Morning Markets: Dollar steadies but mood remains skittish
- Sweden: CPI (08:30 GMT)
- Germany: ZEW Indicator of Economic Sentiment (10:00 GMT)
- Ireland: CPI (11:00 GMT)
- Canada: Wholesale Sales (13:30 GMT)
- EU: Flash Consumer Confidence Indicator (15:00 GMT)
The US dollar has steadied in Asian trade, logging marginal gains against its peers. But sentiment remains skittish and the possibility of a further bout of volatility will persist for as long as investors harbour concern about the negative fiscal and current account implications of President Trump's tax giveaway.

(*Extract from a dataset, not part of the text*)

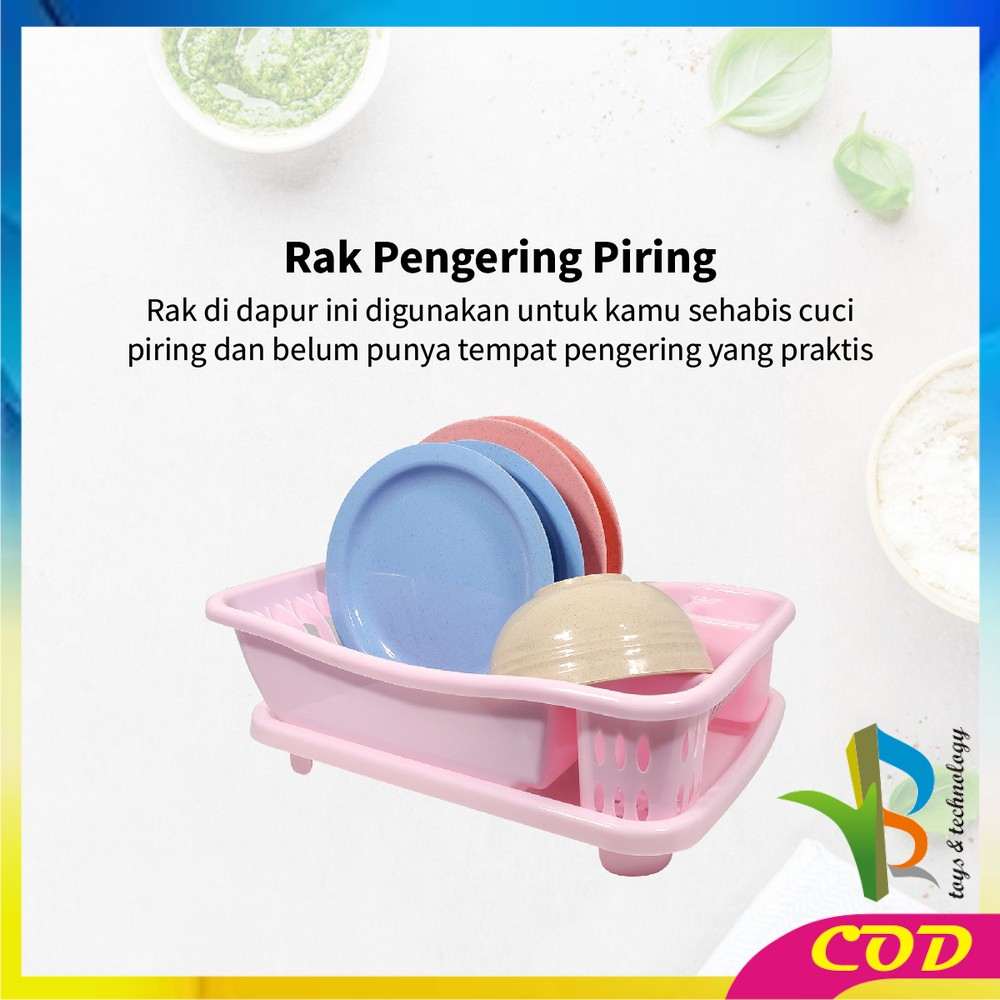 RB-C845 Rak Piring Plastik Serbaguna dengan Nampan Rak Tirisan Piring Wastafel / Rak Pengering Cuci Piring Mangkok Gelas Dish Drainer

In equities, an extended winning streak ended yesterday afternoon in Europe and this softness extended into Asia with Japan's Topix and Nikkei both in negative territory. Chinese exchanges and several others in the region remain closed for holidays so the next big question is whether US equities track lower when they resume trading after yesterday's Presidents' Day break.
Today's data release menu includes inflation updates from Sweden and Ireland as well as the ZEW economic sentiment index from Germany and a consumer confidence reading from the Eurozone.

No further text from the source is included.